He said BHP had not spoken with the Rio board before making the offer, but believed the offer had widespread support among Rio shareholders, 60 to 70 percent of whom also hold BHP shares.
The offer equates to a 45 percent premium to Rio's stock price in November before BHP first raised the idea of a union in a three-for-one share swap.
"It's a lot fairer than the offer we've had before. It's by no means a knock-out offer," said Bertie Thomson, a fund manager at Aberdeen Asset Management, who holds both Rio and BHP shares.

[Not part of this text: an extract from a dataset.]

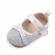 Pantofiori argintii cu fundita (marime disponibila: 6-9 luni (marimea 19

Shares in BHP fell 4.8 percent at A$37.75 on Wednesday, while Rio fell 0.3 percent to A$128.96.
Chinalco's Next Move
Chinalco and Alcoa, which last week built a surprise 9 percent stake in Rio Tinto, said they were watching for further developments after BHP made a bid for Rio.
"Together, we plan to closely monitor further developments, in particular any response from the board of Rio Tinto. As shareholders in Rio Tinto plc, we believe any offer should reflect the fundamental value of the company," the firms said in a statement by their Singapore-based vehicle Shining Prospect.
The statement made no mention of any possible counter bid, but London newspaper the Times, citing unnamed sources close to Chinalco, said on Wednesday a deal was in the works.
The newspaper said Chinalco was seeking approval in Australia to raise its holding to 19.9 percent and may go further to ensure the BHP bid is blocked.
However, sources familiar with the situation told Reuters that Chinalco is not currently mounting a bid for Rio, adding that the Chinese firm is in no rush to make the next move.
Rio Tinto has long opposed BHP's overtures, arguing it was better off as an independent company, digging its own iron ore mines and churning out hundreds of thousands of tons of copper, zinc and aluminum.
Rio in a statement said it was considering the offer and advised its shareholders not to take any action.